↓

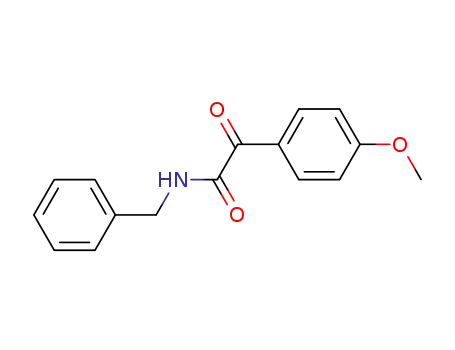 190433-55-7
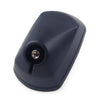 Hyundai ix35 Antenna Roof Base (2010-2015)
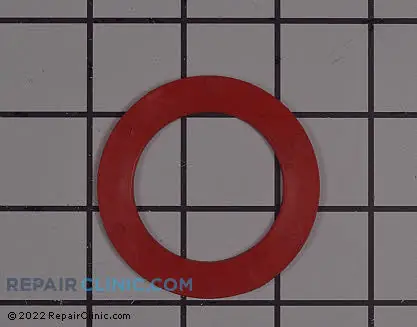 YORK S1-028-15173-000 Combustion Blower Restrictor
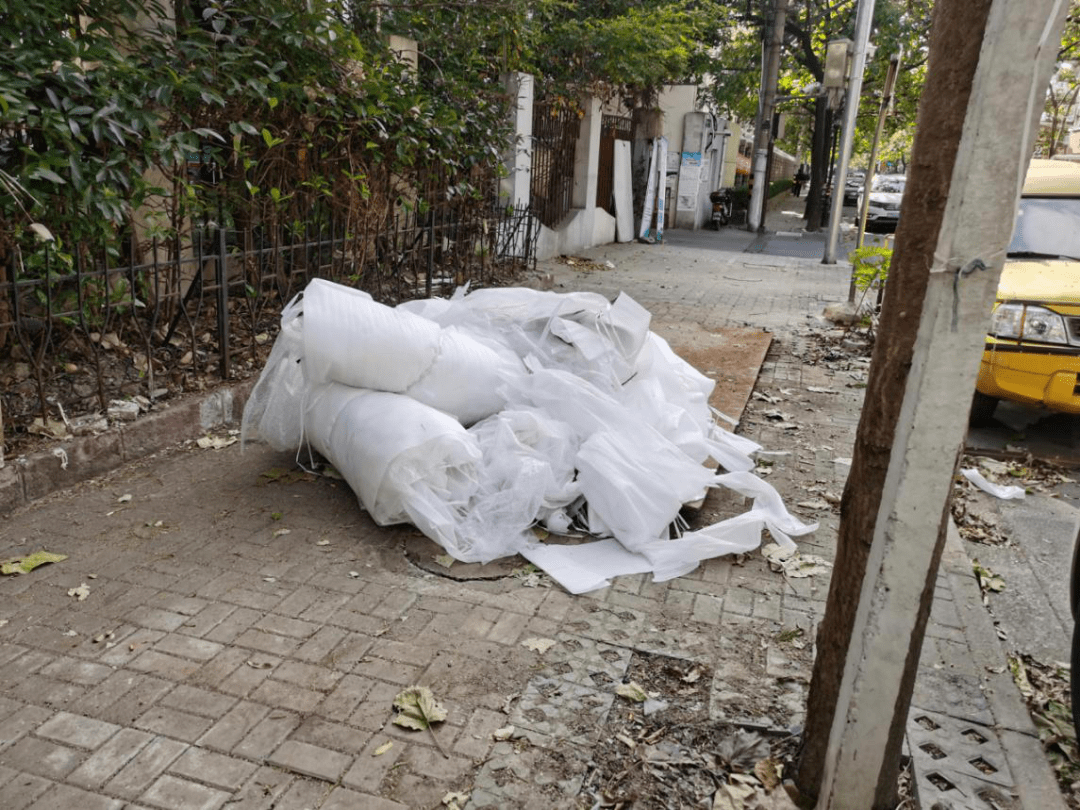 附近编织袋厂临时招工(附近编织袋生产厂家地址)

↑

Task directions: Exactly the lines from the one that contains "YORK S1-028-15173-000 Combustion" to the last line of the data, both included, should be set down, and no pictures should appear among them.

Completed task:
 YORK S1-028-15173-000 Combustion Blower Restrictor
 附近编织袋厂临时招工(附近编织袋生产厂家地址)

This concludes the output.